A técnica de transformação utilizada nesse trabalho apresentou eficiência e maior do que a de transformação de algodão via tubo polínico que foi de 0,1% (OLIVEIRA NETO et al., 2005), reforçando a viabilidade da utilização da mesma para a transformação do algodão. As variedades de algodão GM resistente a alguns lepdópteros, expressando Cry2Ab2 e Cry2Ab2i, que é comercializado livremente no Brasil, foram obtidas em 2009 (BRASIL, 2009). Portanto, esse fato reforça a viabilidade do desenvolvimento e o lançamento de novas variedades de algodão GM para o controle de outros insetos-praga.

Das 186 plantas de algodão que apresentaram resistência Imazapyr, 19 plantas continham as três sequências gênicas detectadas por PCR. Destas, apenas 11 expressaram a entomotoxina Cry8Ka5 detectada por ELISA variando entre 8 e 90 µg/g de tecido vegetal da entomotoxina em botões florais. De acordo com a literatura, a expressão de proteína Cry pode variar em função do tecido analisado, sendo maior para folhas apicais. Nos demais tecidos, o nível de expressão pode ser reduzido em até 44% em botão floral, 50% nos óvulos e 58% no pólen, quando comparados aos níveis de expressão em folhas apicais (GRENPLATE, 1999; SIVASUBRAMANIAM et al., 2008). Entretanto, no presente estudo, a utilização do promotor tecido-específico (GhPGFS1) aumentou a expressão de Cry8Ka5 nos botões florais, onde quase que 60% da plantas analisadas expressaram essa entomotoxina.

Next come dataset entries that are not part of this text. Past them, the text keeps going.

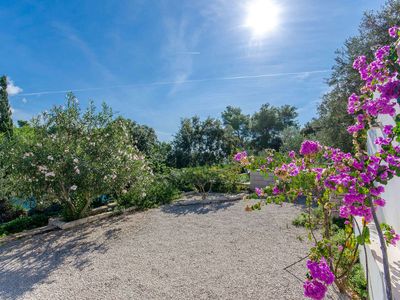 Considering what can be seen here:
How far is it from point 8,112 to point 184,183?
48.8 feet

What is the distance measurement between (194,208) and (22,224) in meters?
5.01

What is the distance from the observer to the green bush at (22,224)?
6.77m

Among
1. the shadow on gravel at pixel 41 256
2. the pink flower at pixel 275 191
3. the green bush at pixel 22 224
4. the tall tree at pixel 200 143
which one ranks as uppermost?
the tall tree at pixel 200 143

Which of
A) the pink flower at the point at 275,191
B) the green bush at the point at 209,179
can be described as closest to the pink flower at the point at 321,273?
the pink flower at the point at 275,191

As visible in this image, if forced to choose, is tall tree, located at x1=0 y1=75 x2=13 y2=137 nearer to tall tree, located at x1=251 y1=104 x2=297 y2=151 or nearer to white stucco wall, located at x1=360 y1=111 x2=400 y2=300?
tall tree, located at x1=251 y1=104 x2=297 y2=151

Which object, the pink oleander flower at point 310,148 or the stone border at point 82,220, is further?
the stone border at point 82,220

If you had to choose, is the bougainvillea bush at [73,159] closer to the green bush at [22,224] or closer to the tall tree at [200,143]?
the green bush at [22,224]

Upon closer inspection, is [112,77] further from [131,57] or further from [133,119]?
[133,119]

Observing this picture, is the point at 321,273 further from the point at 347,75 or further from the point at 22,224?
the point at 347,75

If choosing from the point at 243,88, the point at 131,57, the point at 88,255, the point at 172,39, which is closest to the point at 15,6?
the point at 131,57

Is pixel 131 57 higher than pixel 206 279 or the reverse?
higher

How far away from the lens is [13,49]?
726 cm

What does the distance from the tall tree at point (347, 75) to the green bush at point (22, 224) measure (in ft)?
31.6

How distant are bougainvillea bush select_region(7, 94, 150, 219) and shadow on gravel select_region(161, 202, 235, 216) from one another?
4.62ft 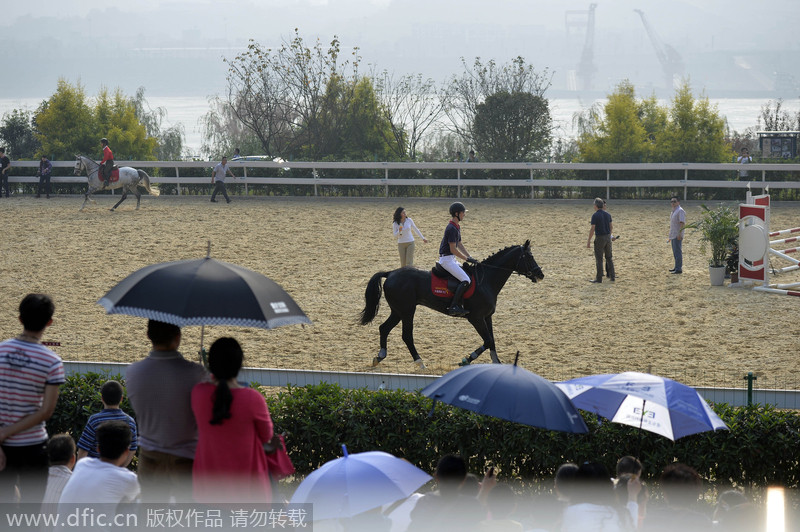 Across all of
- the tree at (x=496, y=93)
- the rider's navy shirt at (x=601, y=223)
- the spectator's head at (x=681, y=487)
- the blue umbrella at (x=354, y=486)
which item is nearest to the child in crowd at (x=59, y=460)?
the blue umbrella at (x=354, y=486)

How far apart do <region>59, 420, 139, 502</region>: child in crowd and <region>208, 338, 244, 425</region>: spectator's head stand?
0.54 metres

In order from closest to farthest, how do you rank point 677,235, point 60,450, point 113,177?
point 60,450 → point 677,235 → point 113,177

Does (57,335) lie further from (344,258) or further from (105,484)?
(105,484)

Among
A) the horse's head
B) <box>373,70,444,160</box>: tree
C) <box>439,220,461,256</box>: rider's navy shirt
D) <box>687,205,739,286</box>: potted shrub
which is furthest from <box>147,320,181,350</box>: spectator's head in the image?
<box>373,70,444,160</box>: tree

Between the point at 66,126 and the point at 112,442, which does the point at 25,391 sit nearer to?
the point at 112,442

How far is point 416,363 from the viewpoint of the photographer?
1059 centimetres

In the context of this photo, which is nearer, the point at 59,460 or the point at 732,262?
the point at 59,460

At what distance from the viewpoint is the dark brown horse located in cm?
1066

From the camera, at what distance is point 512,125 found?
98.8 feet

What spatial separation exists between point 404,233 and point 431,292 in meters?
4.19

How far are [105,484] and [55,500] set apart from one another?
0.77 metres

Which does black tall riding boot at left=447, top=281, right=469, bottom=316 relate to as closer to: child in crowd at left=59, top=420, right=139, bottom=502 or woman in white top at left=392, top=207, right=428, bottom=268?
woman in white top at left=392, top=207, right=428, bottom=268

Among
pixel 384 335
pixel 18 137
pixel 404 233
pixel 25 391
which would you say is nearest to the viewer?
pixel 25 391

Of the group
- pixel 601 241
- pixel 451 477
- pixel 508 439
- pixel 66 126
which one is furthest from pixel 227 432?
pixel 66 126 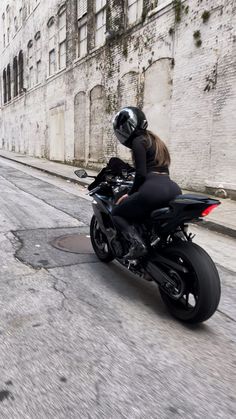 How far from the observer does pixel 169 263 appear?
3.29 m

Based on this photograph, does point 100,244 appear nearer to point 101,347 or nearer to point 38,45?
point 101,347

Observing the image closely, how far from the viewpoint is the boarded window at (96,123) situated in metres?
17.1

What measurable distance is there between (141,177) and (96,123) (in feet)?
48.4

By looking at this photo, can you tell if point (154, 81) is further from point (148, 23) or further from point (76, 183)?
point (76, 183)

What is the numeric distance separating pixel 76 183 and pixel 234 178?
20.5ft

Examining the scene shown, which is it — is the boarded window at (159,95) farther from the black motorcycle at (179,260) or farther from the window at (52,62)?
the window at (52,62)

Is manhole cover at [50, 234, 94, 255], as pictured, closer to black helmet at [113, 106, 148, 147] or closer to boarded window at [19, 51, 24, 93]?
black helmet at [113, 106, 148, 147]

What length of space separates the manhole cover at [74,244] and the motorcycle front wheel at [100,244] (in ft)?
1.09

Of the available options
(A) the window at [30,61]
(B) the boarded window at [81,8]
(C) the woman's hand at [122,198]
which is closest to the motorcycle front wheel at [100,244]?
(C) the woman's hand at [122,198]

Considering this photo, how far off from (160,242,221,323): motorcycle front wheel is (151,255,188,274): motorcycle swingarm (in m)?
0.03

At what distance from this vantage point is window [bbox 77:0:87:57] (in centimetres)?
1839

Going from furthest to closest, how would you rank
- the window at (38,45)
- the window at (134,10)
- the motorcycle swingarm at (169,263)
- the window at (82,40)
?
the window at (38,45) → the window at (82,40) → the window at (134,10) → the motorcycle swingarm at (169,263)

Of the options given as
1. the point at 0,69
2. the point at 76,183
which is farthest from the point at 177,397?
the point at 0,69

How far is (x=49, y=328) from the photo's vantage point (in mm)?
3045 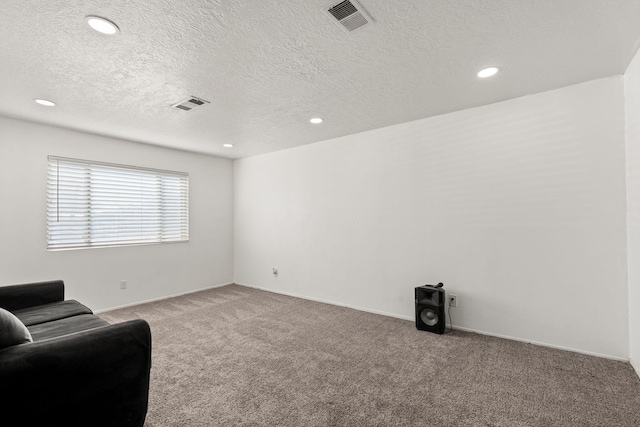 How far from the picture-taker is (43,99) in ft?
9.57

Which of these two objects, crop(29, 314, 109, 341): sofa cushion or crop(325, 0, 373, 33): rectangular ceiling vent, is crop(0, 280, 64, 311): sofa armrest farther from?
crop(325, 0, 373, 33): rectangular ceiling vent

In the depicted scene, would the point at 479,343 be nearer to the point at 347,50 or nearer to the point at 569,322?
the point at 569,322

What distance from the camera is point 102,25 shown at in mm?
1827

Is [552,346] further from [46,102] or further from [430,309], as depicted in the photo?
[46,102]

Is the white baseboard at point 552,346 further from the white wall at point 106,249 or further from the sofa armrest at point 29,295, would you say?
the white wall at point 106,249

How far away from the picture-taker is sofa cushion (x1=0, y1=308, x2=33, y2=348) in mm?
1410

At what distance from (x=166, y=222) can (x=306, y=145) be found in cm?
266

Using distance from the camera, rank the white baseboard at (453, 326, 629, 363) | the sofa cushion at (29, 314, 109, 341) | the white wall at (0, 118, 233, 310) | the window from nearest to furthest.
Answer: the sofa cushion at (29, 314, 109, 341) < the white baseboard at (453, 326, 629, 363) < the white wall at (0, 118, 233, 310) < the window

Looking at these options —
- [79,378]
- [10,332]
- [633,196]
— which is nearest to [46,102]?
[10,332]

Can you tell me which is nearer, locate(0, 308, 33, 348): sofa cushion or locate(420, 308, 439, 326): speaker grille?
locate(0, 308, 33, 348): sofa cushion

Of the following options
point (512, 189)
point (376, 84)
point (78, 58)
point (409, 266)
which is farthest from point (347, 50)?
point (409, 266)

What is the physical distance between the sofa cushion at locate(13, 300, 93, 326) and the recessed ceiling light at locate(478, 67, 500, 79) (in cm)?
386

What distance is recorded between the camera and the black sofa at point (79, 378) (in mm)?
1302

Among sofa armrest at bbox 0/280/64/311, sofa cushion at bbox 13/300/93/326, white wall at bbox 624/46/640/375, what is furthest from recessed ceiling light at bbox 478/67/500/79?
sofa armrest at bbox 0/280/64/311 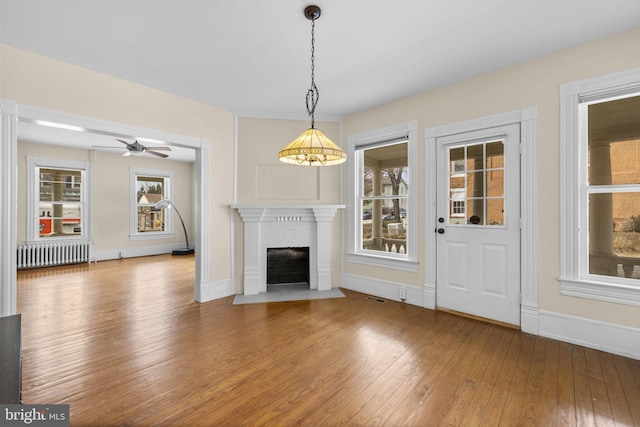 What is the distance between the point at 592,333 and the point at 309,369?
254 cm

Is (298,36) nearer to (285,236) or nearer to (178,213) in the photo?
(285,236)

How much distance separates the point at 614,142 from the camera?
2590mm

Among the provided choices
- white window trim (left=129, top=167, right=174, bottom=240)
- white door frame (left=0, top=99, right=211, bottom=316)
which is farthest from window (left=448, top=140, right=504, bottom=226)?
white window trim (left=129, top=167, right=174, bottom=240)

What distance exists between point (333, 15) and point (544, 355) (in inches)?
129

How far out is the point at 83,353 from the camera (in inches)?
97.3

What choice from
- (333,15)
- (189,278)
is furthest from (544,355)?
(189,278)

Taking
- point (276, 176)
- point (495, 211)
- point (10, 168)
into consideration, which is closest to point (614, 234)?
point (495, 211)

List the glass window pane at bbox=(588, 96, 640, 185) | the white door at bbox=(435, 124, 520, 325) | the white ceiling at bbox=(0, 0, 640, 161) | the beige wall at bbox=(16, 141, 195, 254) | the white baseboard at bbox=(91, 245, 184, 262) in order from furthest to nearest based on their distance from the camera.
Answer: the white baseboard at bbox=(91, 245, 184, 262), the beige wall at bbox=(16, 141, 195, 254), the white door at bbox=(435, 124, 520, 325), the glass window pane at bbox=(588, 96, 640, 185), the white ceiling at bbox=(0, 0, 640, 161)

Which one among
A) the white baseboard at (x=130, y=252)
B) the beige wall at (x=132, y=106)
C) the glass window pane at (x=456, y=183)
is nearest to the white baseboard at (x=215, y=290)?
the beige wall at (x=132, y=106)

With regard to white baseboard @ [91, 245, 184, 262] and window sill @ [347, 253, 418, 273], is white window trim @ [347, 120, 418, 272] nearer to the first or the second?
window sill @ [347, 253, 418, 273]

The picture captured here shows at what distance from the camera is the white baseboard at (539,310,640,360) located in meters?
2.40

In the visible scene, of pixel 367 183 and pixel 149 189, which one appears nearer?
pixel 367 183

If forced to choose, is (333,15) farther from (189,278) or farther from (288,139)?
(189,278)

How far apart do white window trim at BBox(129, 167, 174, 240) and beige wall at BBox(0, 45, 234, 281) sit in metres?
4.86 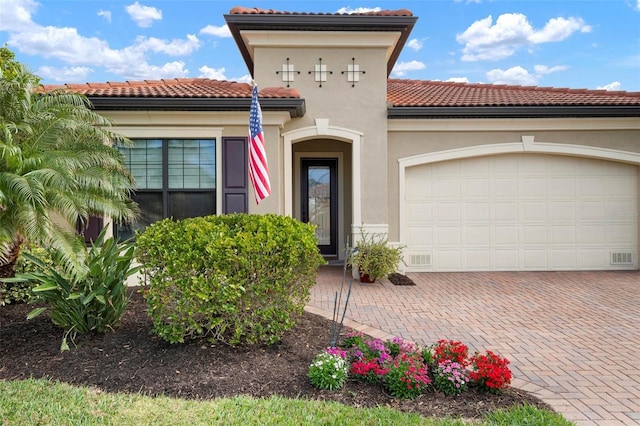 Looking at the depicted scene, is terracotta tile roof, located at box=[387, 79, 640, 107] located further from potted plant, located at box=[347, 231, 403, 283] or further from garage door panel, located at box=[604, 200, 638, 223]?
potted plant, located at box=[347, 231, 403, 283]

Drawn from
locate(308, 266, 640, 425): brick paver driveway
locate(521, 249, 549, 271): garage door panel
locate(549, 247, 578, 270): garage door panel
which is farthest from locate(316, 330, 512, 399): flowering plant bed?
locate(549, 247, 578, 270): garage door panel

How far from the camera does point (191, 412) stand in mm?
3418

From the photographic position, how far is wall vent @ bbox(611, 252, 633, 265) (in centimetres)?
1062

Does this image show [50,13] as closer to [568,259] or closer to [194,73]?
[194,73]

Para a metodologia do RNAi não foram realizados experimentos demonstrando os níveis de expressão dos genes nas plantas de algodão GM. Entretanto, a partir da geração T1, foi realizado um desafio entre plantas GM e o inseto-alvo que revelaram uma possível atividade do silenciamento. Nas larvas de A.grandis alimentadas por 7 dias com botões florais de algodão GM, detectou-se pela técnica de qRT-PCR a diminuição da expressão de um dos genes alvo. A expressão de CHS2 da larva que se alimentou de botão floral do evento GM 7.5 foi seis vezes menor que a expressão na larva controle alimentada por botão floral não transgênico durante o mesmo período. Curiosamente, este evento T1 (7.5) é oriundo do parental T0 (7) que, dentre as plantas PCR positivas para os três genes, foi o que conferiu maior nível de expressão de Cry8Ka5 (60 µg/g). A larva alimentada com o evento 7.1 teve expressão de CHS2 semelhante ao controle. Isto demonstra o potencial do evento 7.5 para o controle de A. grandis. O fato dos outros eventos transgênicos T1 (7.1 e 7.2) originários do mesmo parental T0 (7) não terem

mostrado o silenciamento da CHS2 nas larvas, pode ser inferido pela possível inserção do transgene em alguma região não codificadora do genoma da planta.

Apesar de não haverem sido concluídos todos os experimentos esperados para a caracterização das plantas de algodão resultantes desse trabalho, esses resultados demonstram a viabilidade da técnica de RNAi para obtenção de plantas de algodão GM resistentes ao bicudo-do-algodoeiro, contribuindo para o melhoramento genético desta cultura e, consequentemente, para o agronegócio brasileiro.